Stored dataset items
- Opening Delimiter -

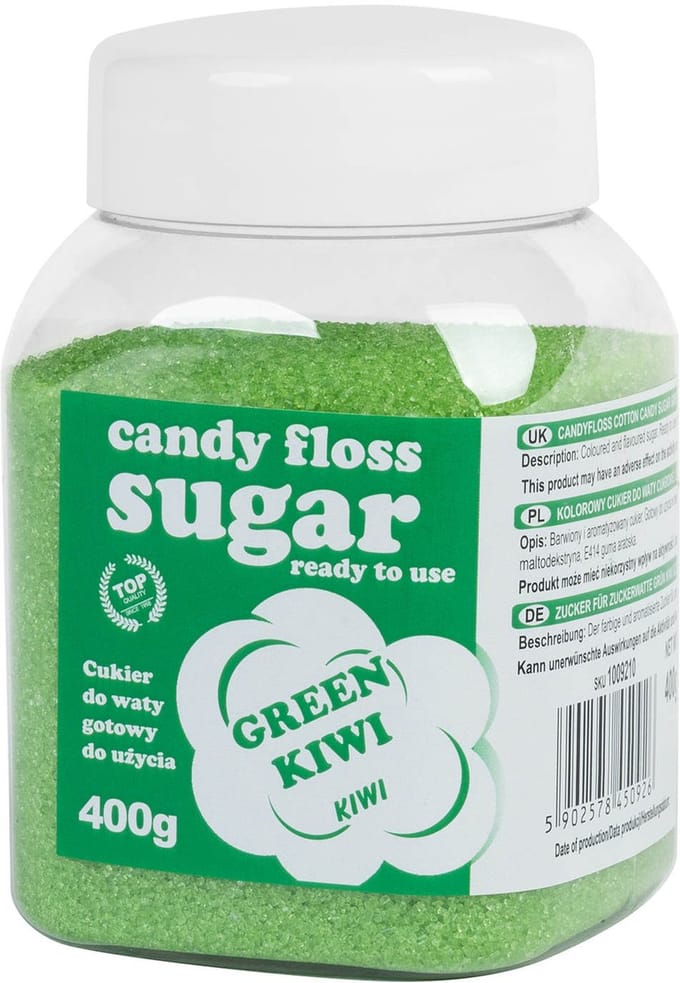 GSG24 - Serie - Suikerstrooier - Groene Kiwi Smaak - Aromatische Suiker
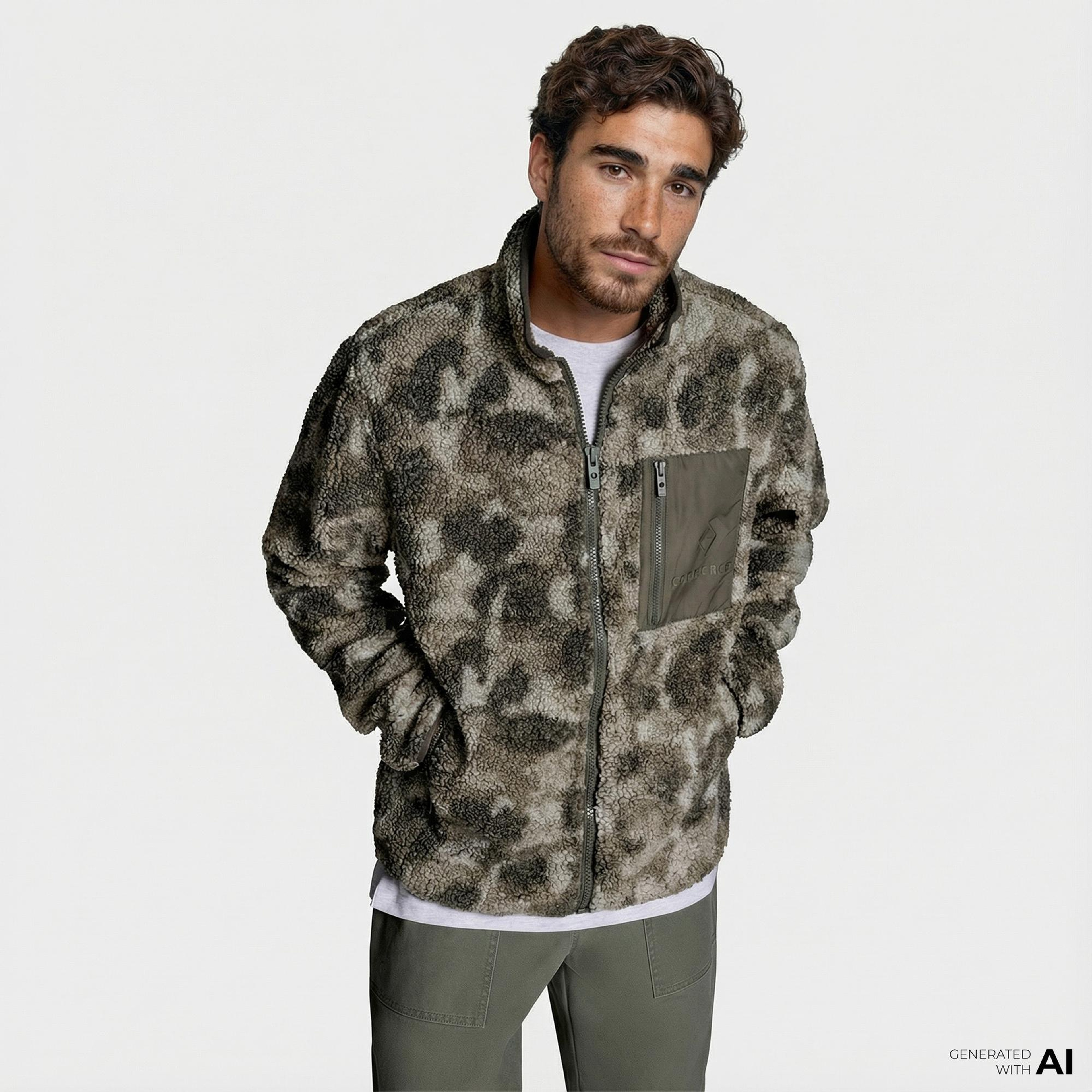 Converse Erkek Haki Ceket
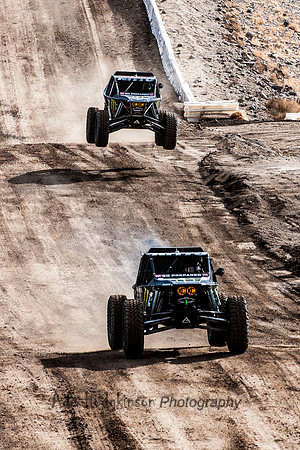 2015 Ultra4 Nationals - Shannon Campbell - #5AZ - Weyland Campbell - #3AZ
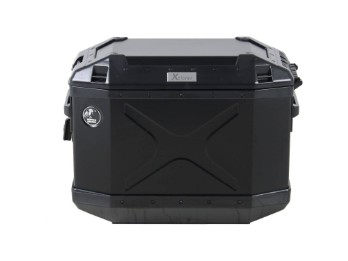 Xplorer 30 schwarz rechts Motorrad-Seitenkoffer 33 Liter wasserdicht diebstahlgeschützt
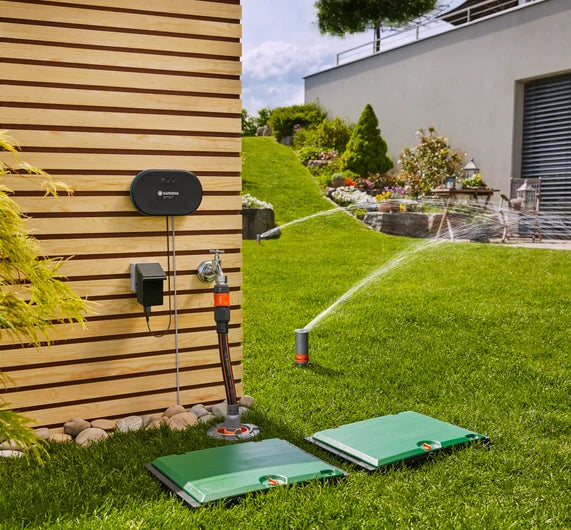 Gardena Turbo-driven Pop-up Sprinkler T 380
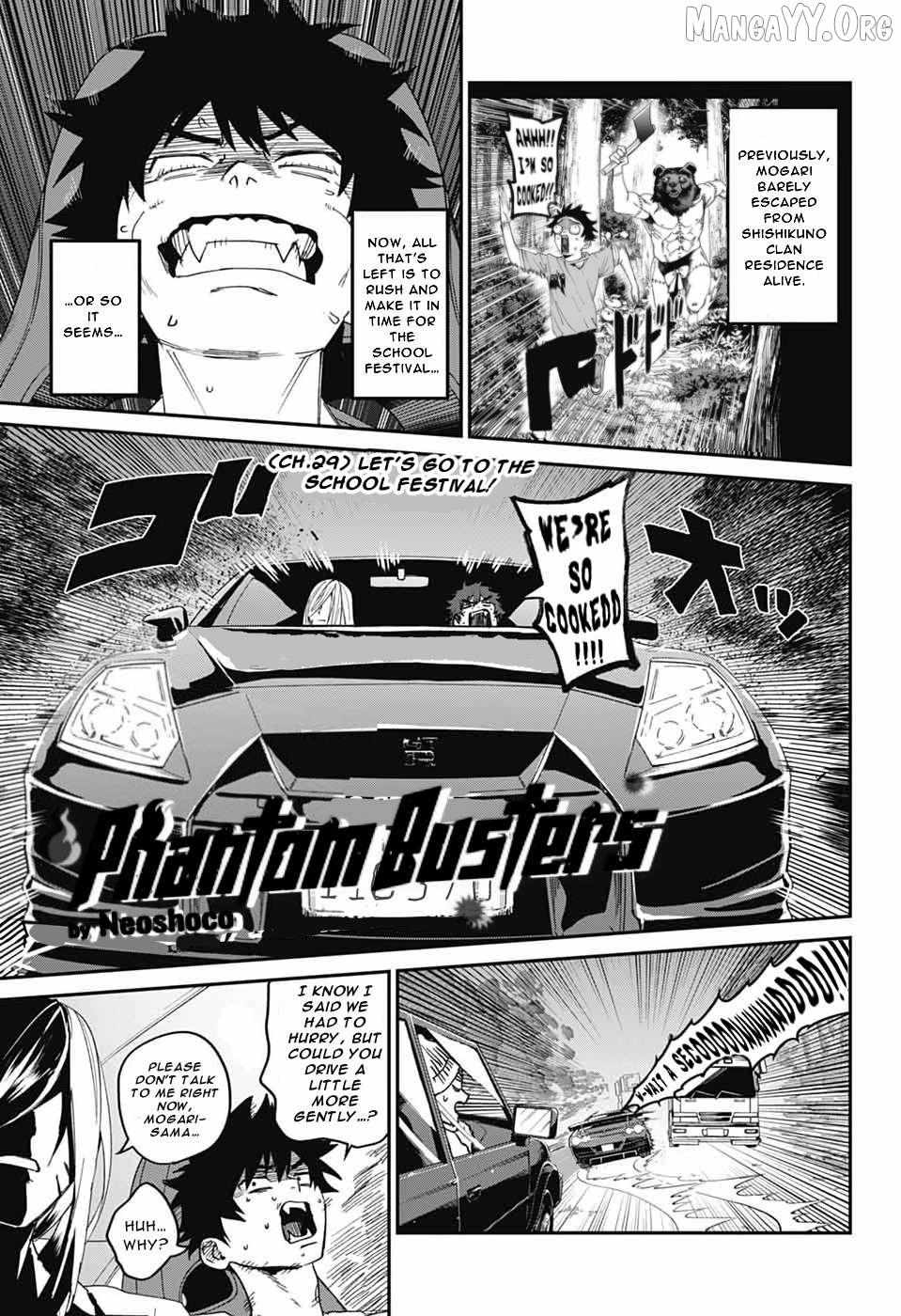 Phantom Busters Chapter 29 page 2 - 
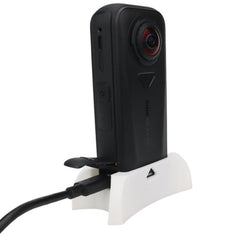 Base de goma suave para cámara deportiva Insta360 X4 Air CQT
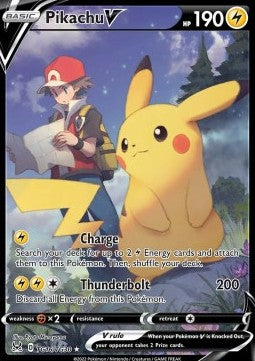 Pikachu V (LOR TG16) - Spanish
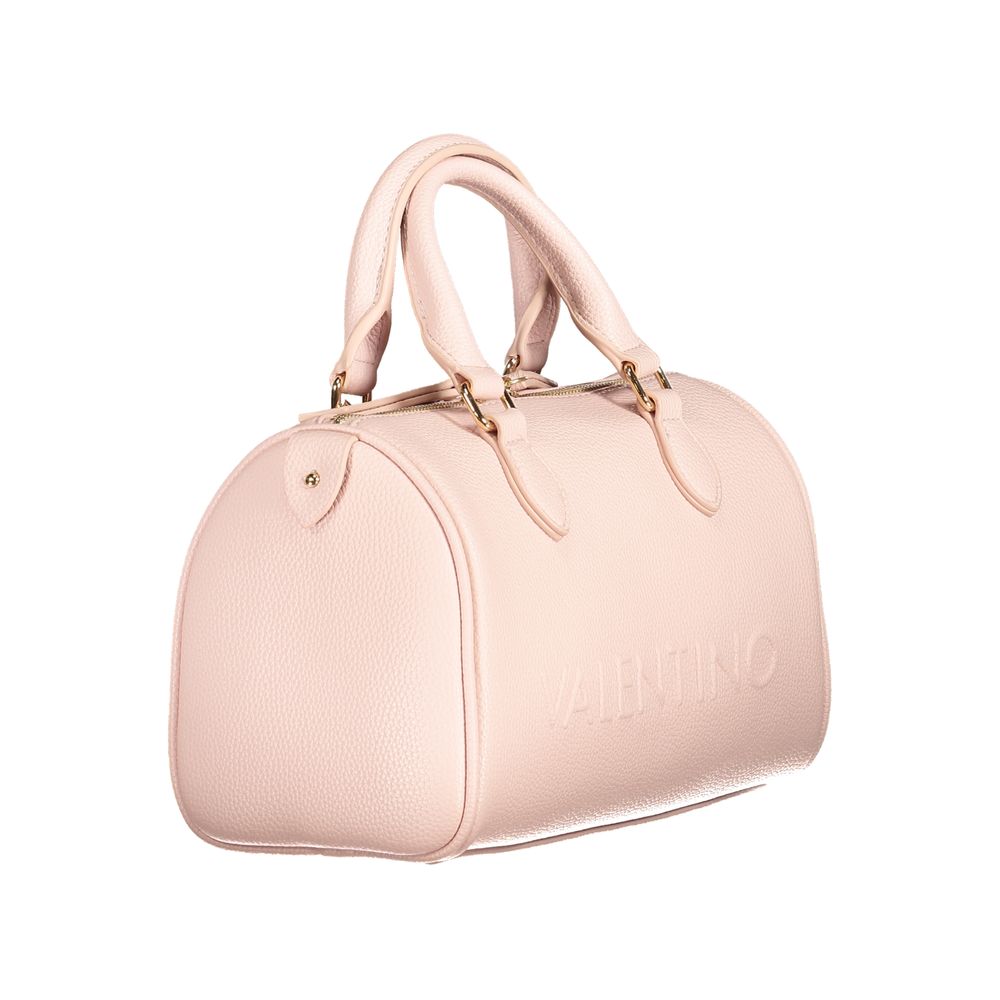 Mario Valentino Rosa Poliuretano Woman Handbag - Image 3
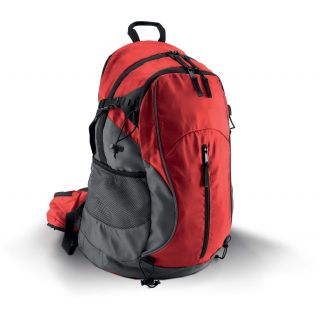 Sac à dos Multisports KI0110 - Red / Dark Grey
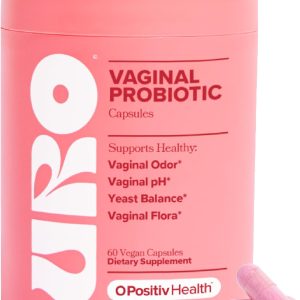 Uro Vaginal Probiotic Capsules [ 60 Capsules]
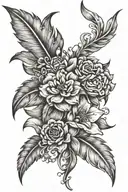 Filler tattoo design idea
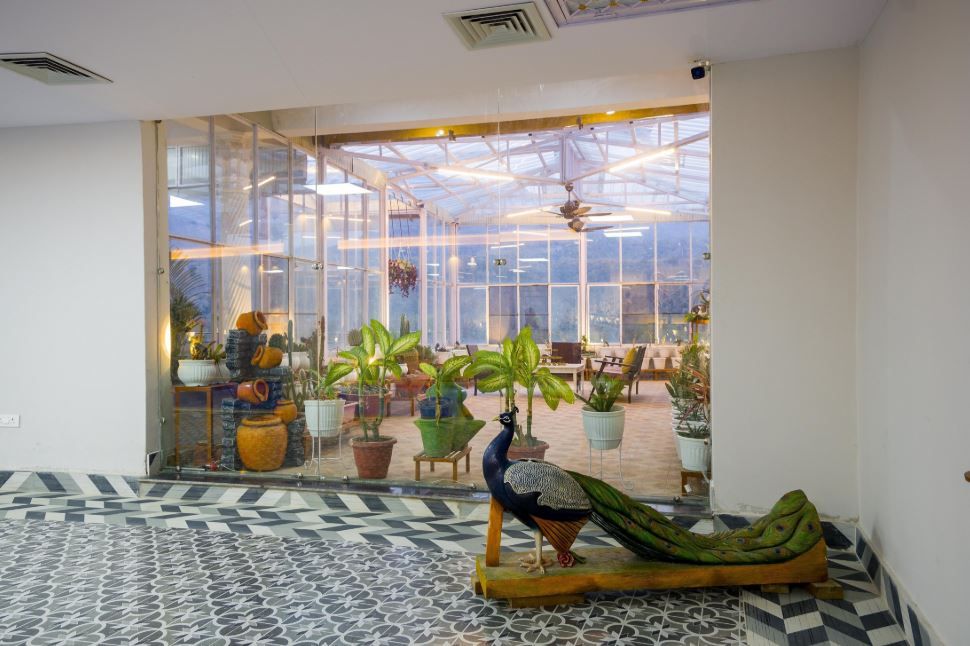 ELIVAAS BYDM The Ganges 2 BHK Glasshouse Villa With Pvt Pool & Lift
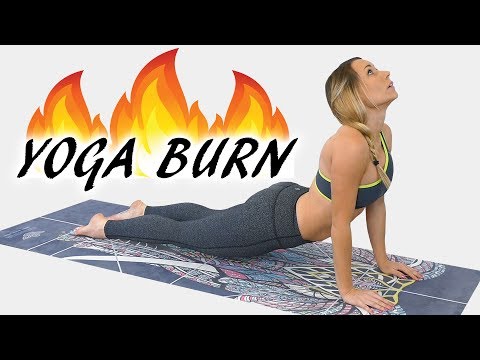 Feel the Yoga Burn with Becca | Total Body Workout, Beginners Home Fitness, Weight Loss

- Closing Delimiter -

## WHAT IS BEING ASKED
Exactly retype each record above, dropping images.

## OUTPUT OF THE TASK
 GSG24 - Serie - Suikerstrooier - Groene Kiwi Smaak - Aromatische Suiker
 Converse Erkek Haki Ceket
 2015 Ultra4 Nationals - Shannon Campbell - #5AZ - Weyland Campbell - #3AZ
 Xplorer 30 schwarz rechts Motorrad-Seitenkoffer 33 Liter wasserdicht diebstahlgeschützt
 Gardena Turbo-driven Pop-up Sprinkler T 380
 Phantom Busters Chapter 29 page 2 - 
 Base de goma suave para cámara deportiva Insta360 X4 Air CQT
 Pikachu V (LOR TG16) - Spanish
 Mario Valentino Rosa Poliuretano Woman Handbag - Image 3
 Sac à dos Multisports KI0110 - Red / Dark Grey
 Uro Vaginal Probiotic Capsules [ 60 Capsules]
 Filler tattoo design idea
 ELIVAAS BYDM The Ganges 2 BHK Glasshouse Villa With Pvt Pool & Lift
 Feel the Yoga Burn with Becca | Total Body Workout, Beginners Home Fitness, Weight Loss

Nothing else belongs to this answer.